En plus d’un très grand écrivain, c’était un sacré combattant. Pour ses idées. Parce qu’elle s’était donné la peine d’avoir des idées et de les organiser. Et elle s’est battue pour ses idées avec la seule arme qu’elle a fourbi toute sa vie, le Roman.

La nature seule mérite qu’on s’y penche. Les humains, c’est à voir, chaque fois il faut voir, c’est jamais sûr. La nature si. On peut compter avec, d’ailleurs on n’a rien d’autre sur qui compter. Sauf les miracles. Mais compter sur un miracle suppose la foi. Christiane qui en avait à revendre refusait d’appeler ça la foi. Ecolo, longtemps avant l’heure, je l’ai connue en 77 quand je suis allée la débaucher pour fabriquer le Conseil Consultatif des Amis de la terre. Le concon, comme on l’appelait, lui permit de rencontrer quelques-uns des savants qu’elle admirait le plus. Elle adorait les savants. Je me souviens qu’on a même rêvé la marier à Jean Rostand. Tellement ses mirettes se mettaient à briller quand elle demandait, la mine gourmande, « et si on conviait Haroun Tazief, ou Bombard, ou encore celui-là… au Concon? »

Croissez! Multipliez! Remplissez la terre! Et l’assujettissez!

Mission accomplie, seigneur. Et maintenant?

(In Le monde est comme deux chevaux)

Auteur d’une œuvre véritable, d’un univers romanesque complet. Au point que même amies comme nous fûmes, il était difficile de parler d’autre chose que de ses livres ou de littérature.

Dans l’œuvre complète d’un grand écrivain, il y a toujours un livre phare, un livre qui les résume tous. Un livre somme. Celui que Rochefort publie en 88 est le plus rocherfortien de tous. Il dit dans une langue incroyablement écrite la terrifiante oppression de l’enfance assassinée. Dernier combat d’un écrivain qui n’a sans doute jamais combattu pour autre chose que mettre un terme à l’assassinat des enfances de toutes les manières possibles. Histoire de fabriquer des humains qui n’aient pas besoin de saboter plus faible qu’eux afin de se venger.

La Porte Du Fond résume l’œuvre et la contient toute.

Je voulais être honnête. Honnête! Quelle sottise. Avec qui?

Ce n’est pas juste, mais qui parle de justice.

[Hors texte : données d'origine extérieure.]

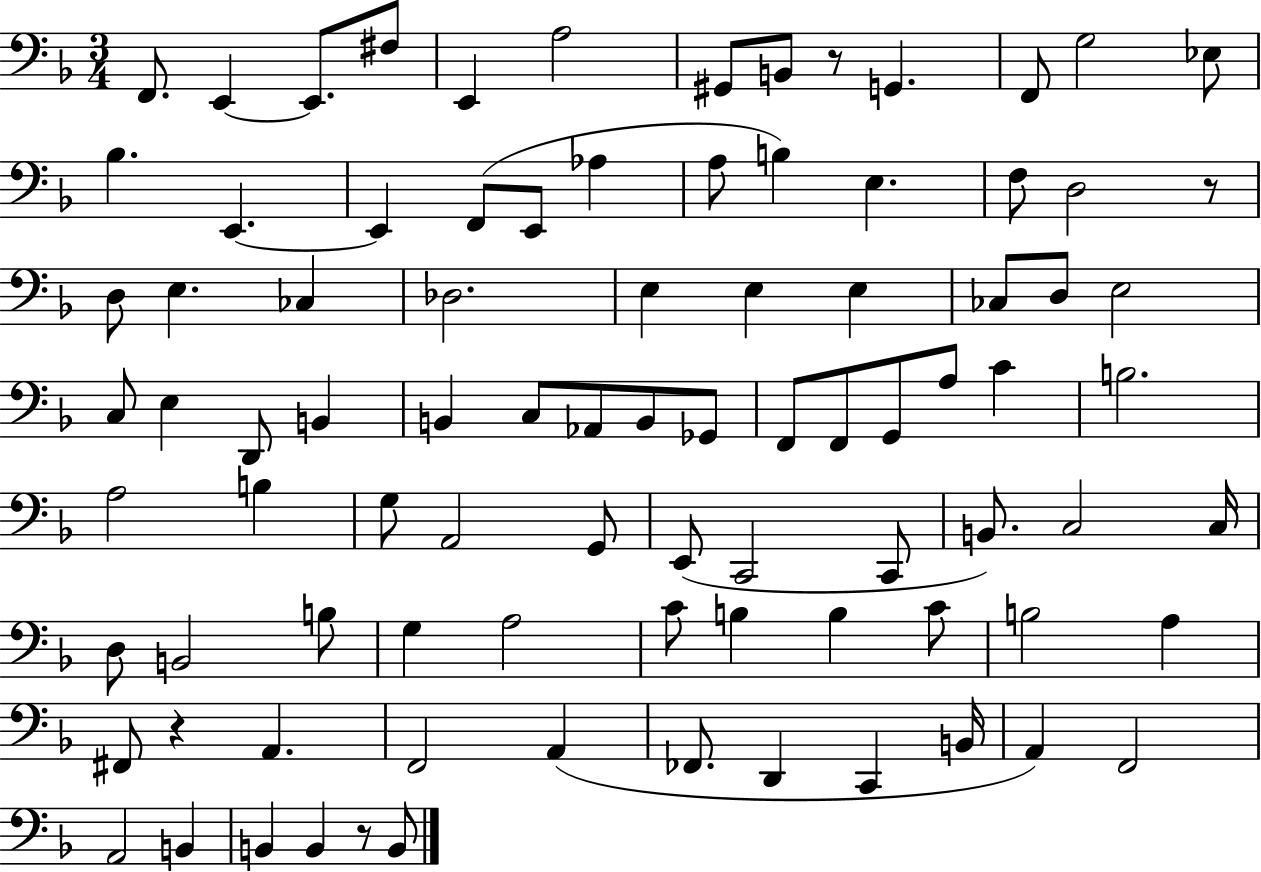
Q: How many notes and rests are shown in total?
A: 89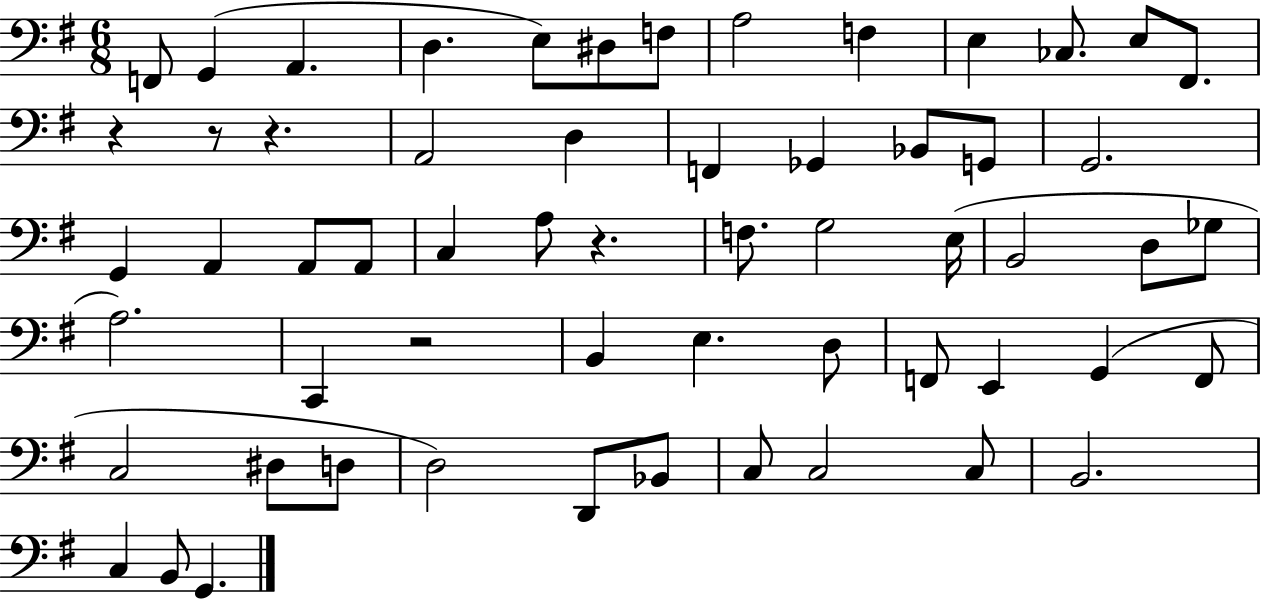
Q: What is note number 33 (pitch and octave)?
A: A3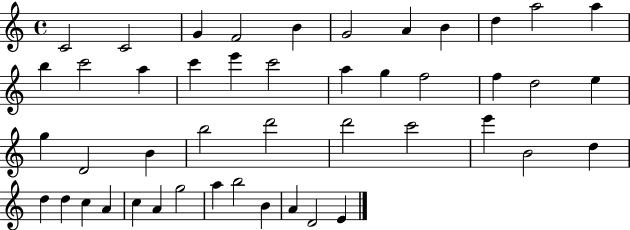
C4/h C4/h G4/q F4/h B4/q G4/h A4/q B4/q D5/q A5/h A5/q B5/q C6/h A5/q C6/q E6/q C6/h A5/q G5/q F5/h F5/q D5/h E5/q G5/q D4/h B4/q B5/h D6/h D6/h C6/h E6/q B4/h D5/q D5/q D5/q C5/q A4/q C5/q A4/q G5/h A5/q B5/h B4/q A4/q D4/h E4/q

Ce qui me manque c’est un autre monde.

Cette pauvre planète quand j’y pense. Ce joyau. Ce qu’on en a fait. Ça me brise le cœur. Je ne le dirai jamais assez.

Et ce sera encore pire quand elle ne m’aura plus. Une petite unité ça compte, chaque unité ça compte…

Elle comptait terriblement pour moi. Et elle (me) manque follement, rebelle, entêtée, de mauvaise foi, mais vivante, vivante tellement.

Sophie Chauveau

Bio de Christiane

« Elle est née (en juillet 17) d’une illusion d’amour, vite effacée. Mais elle, elle est restée »…

Elle a aimé, beaucoup, vécu, terriblement, écrit, peu mais bien.

Elle s’est beaucoup battue, pas mal débattue, contre, en vrac : les bulldozers et les empêcheurs d’avorter, la connerie et encore la connerie. Pour: la cause des enfants libres, la langue française, l’écologie sans parti ni organisation et le féminisme idem.

Elle est morte en avril 1998, toujours libre.

Liste des romans

le repos du guerrier
les petits enfants du siècle
les stances à Sophie
une rose pour Morrison
printemps au Parking
Archaos ou le jardin étincelant
encore heureux qu’on va vers l’été
quand tu vas chez les femmes
la porte du fond
essais
c’est bizarre l’écriture
les enfants d’abord
ma vie revue et corrigée par l’auteur
adieu Andromède
le monde est comme deux chevaux
conversation sans parole.

S.C.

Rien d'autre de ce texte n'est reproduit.